* Work task *
What is needed is the exact text of each line in the listing below from the one with "And here it" up to and including the one with "Add copper on", and no pictures.

----------

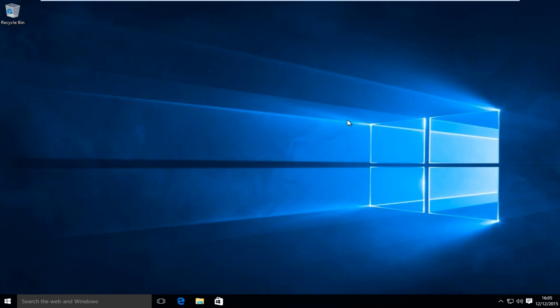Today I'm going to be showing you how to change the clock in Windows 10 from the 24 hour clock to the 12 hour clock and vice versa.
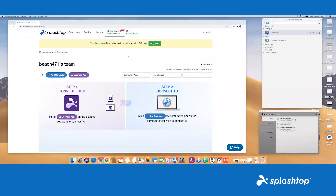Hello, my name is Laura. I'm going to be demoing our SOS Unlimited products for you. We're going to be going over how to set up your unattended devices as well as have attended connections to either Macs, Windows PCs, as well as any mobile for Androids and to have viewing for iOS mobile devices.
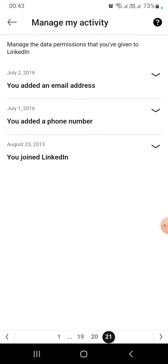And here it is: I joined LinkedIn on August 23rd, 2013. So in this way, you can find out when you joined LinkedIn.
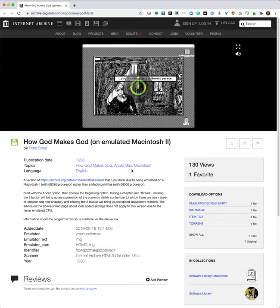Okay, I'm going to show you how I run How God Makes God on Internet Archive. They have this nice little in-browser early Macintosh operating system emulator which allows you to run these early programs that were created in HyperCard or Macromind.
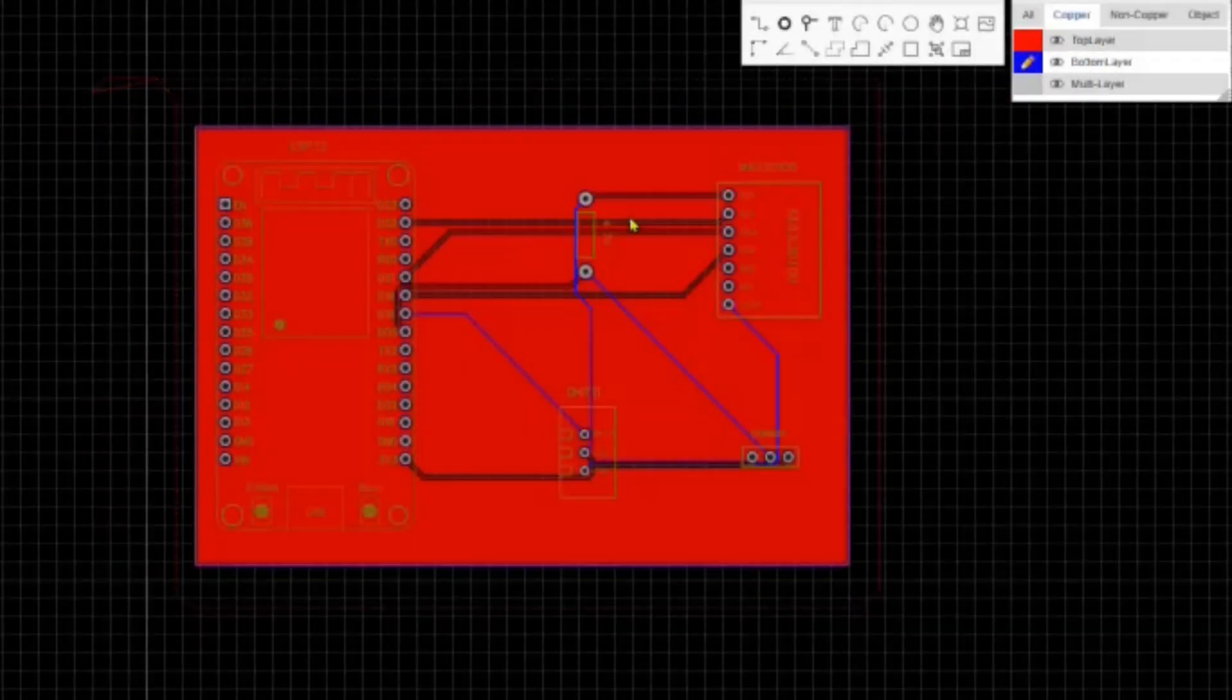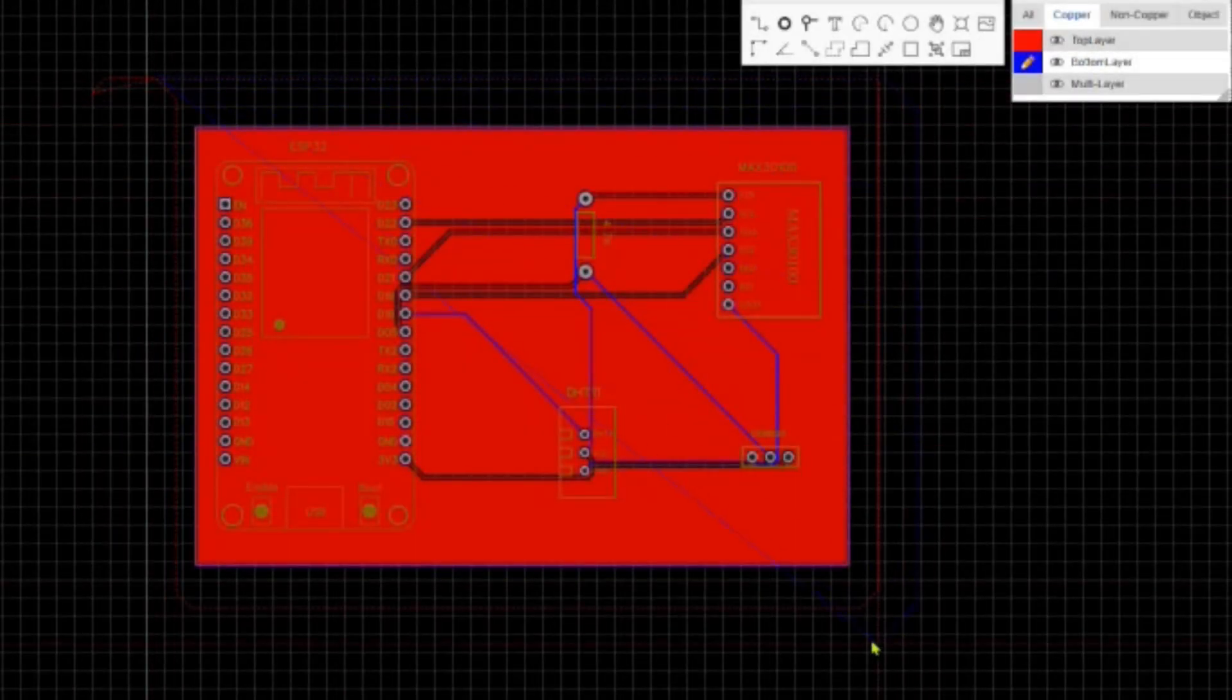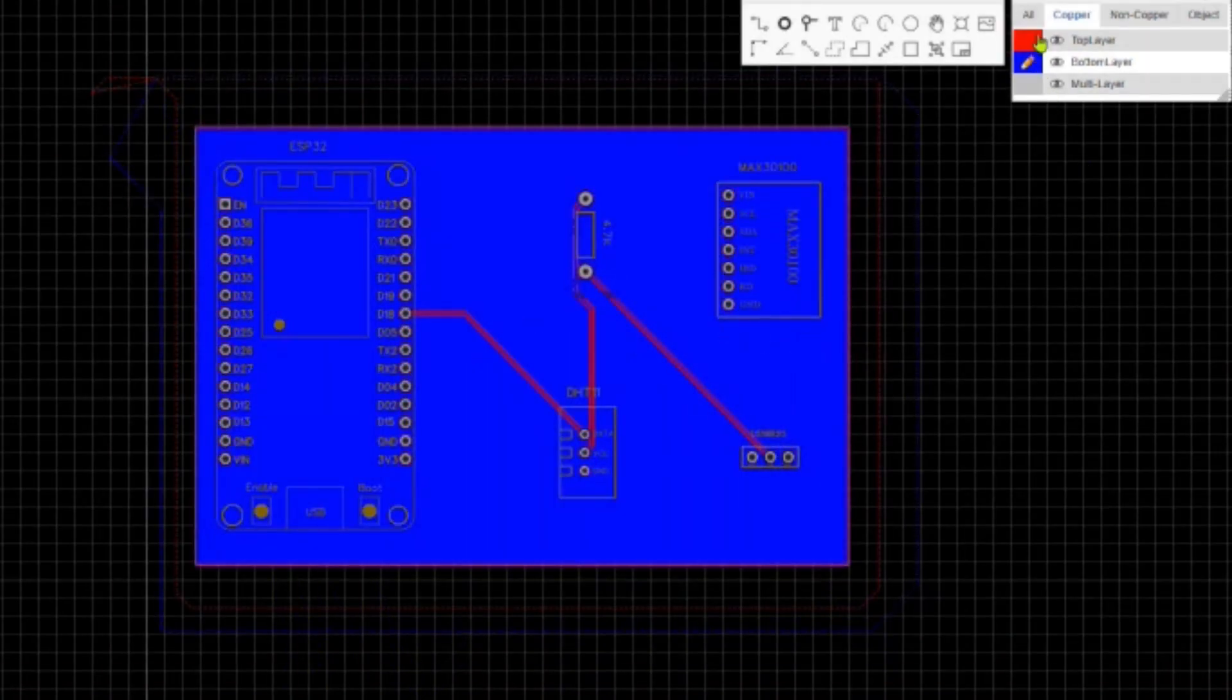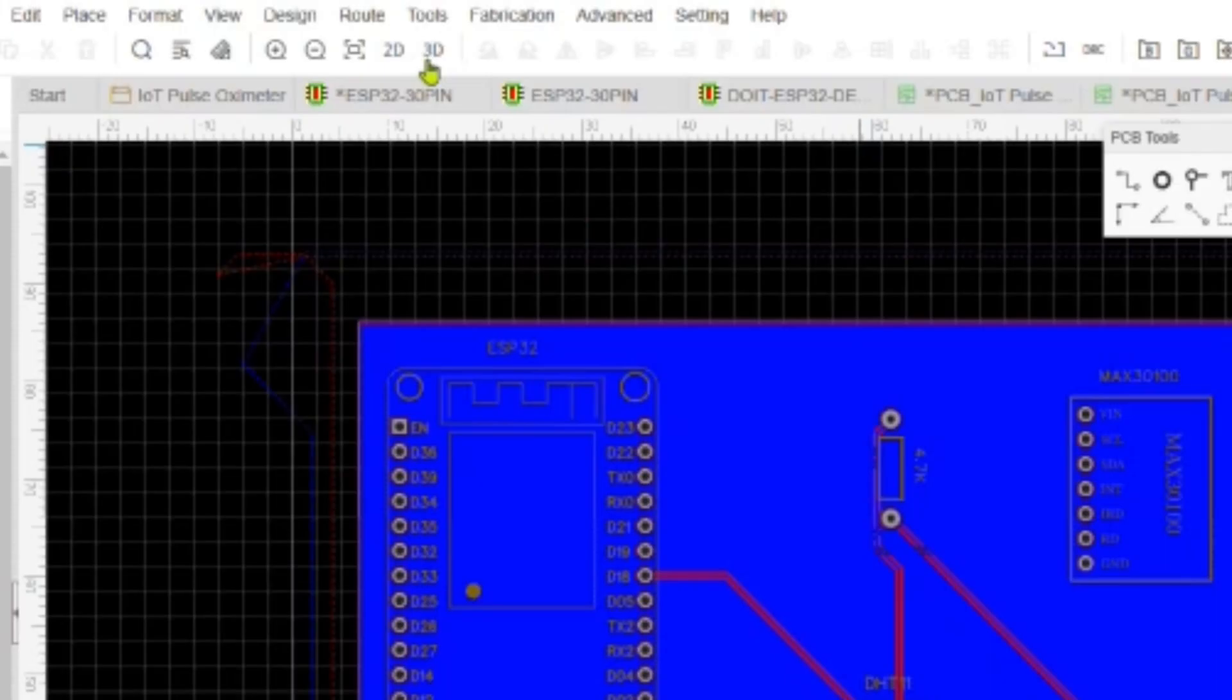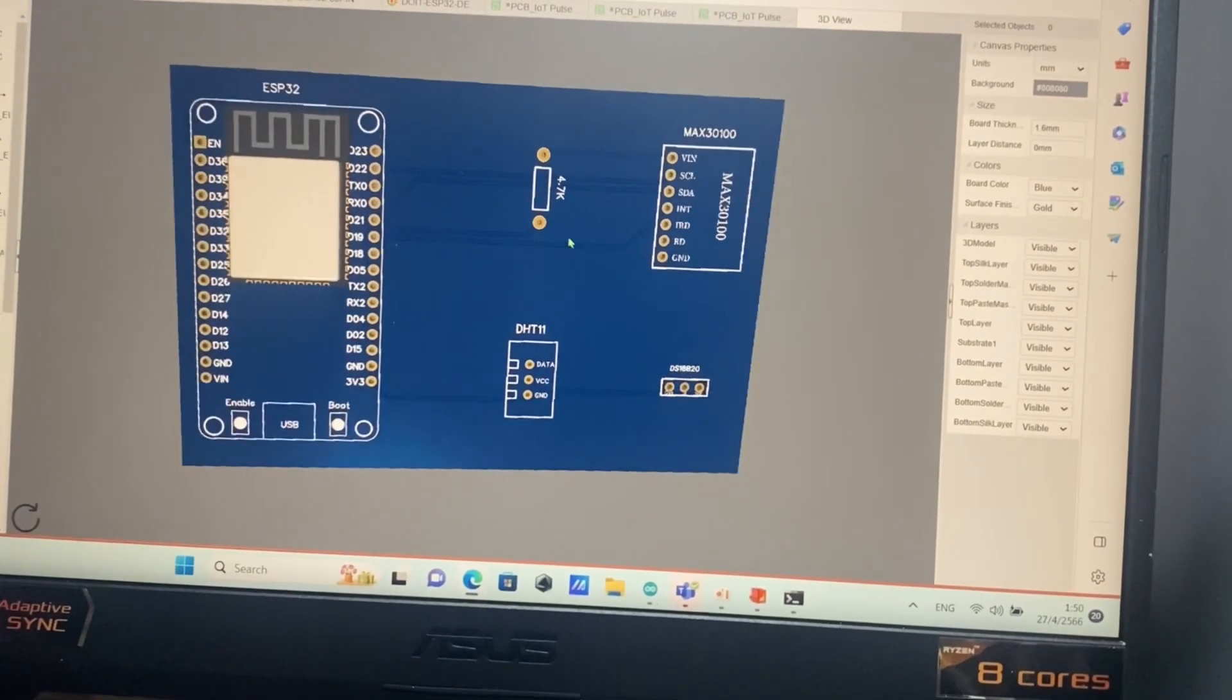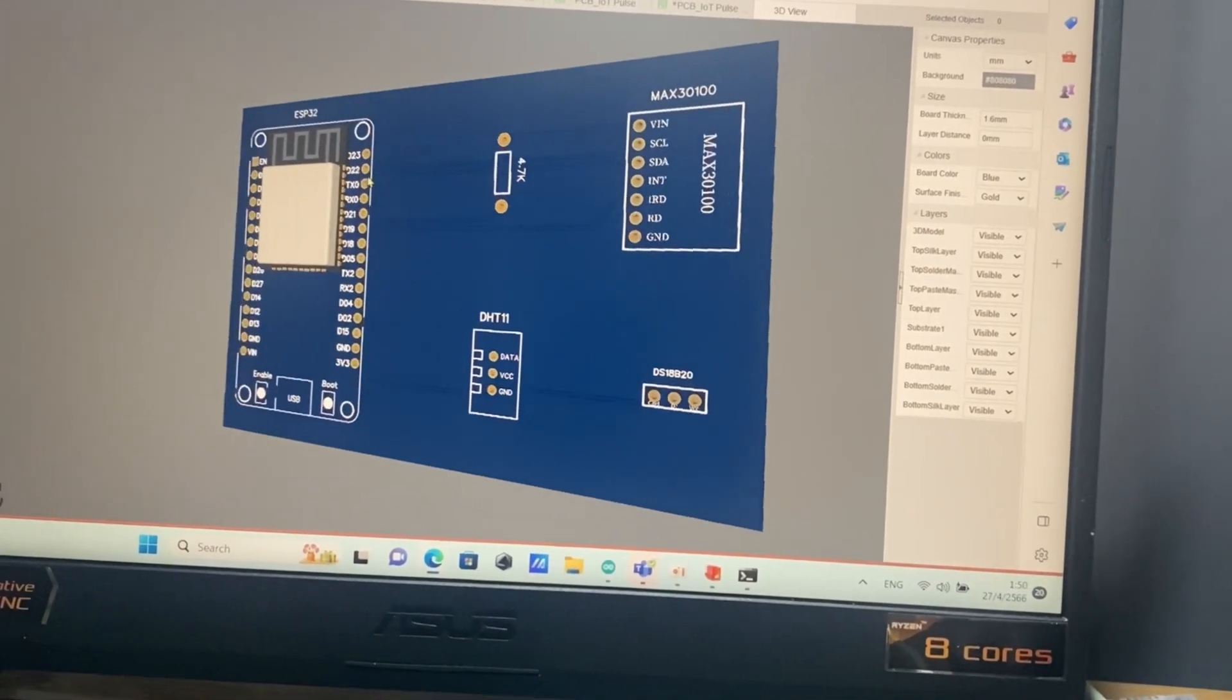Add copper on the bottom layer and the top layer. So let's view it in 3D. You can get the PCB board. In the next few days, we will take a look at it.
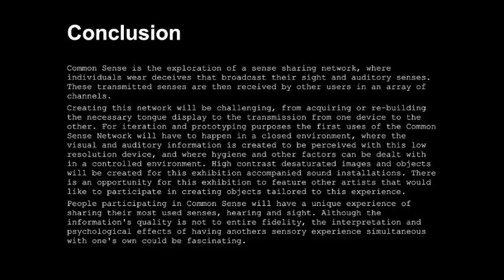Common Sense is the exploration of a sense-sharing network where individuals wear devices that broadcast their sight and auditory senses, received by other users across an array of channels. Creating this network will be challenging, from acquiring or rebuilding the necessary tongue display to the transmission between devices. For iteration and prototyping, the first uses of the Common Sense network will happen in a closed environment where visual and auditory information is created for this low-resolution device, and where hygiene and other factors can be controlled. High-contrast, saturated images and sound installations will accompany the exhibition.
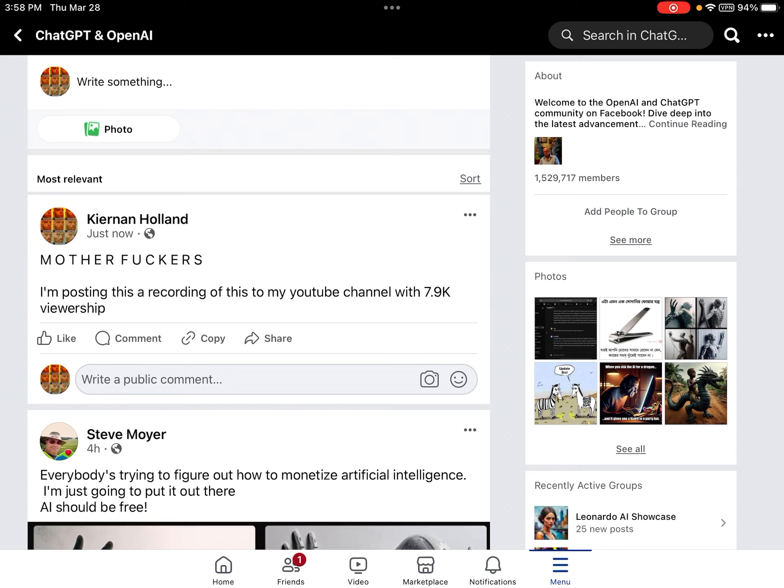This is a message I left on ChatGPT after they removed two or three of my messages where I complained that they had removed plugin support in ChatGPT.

----------

* Expected output *
And here it is: I joined LinkedIn on August 23rd, 2013. So in this way, you can find out when you joined LinkedIn.
Okay, I'm going to show you how I run How God Makes God on Internet Archive. They have this nice little in-browser early Macintosh operating system emulator which allows you to run these early programs that were created in HyperCard or Macromind.
Add copper on the bottom layer and the top layer. So let's view it in 3D. You can get the PCB board. In the next few days, we will take a look at it.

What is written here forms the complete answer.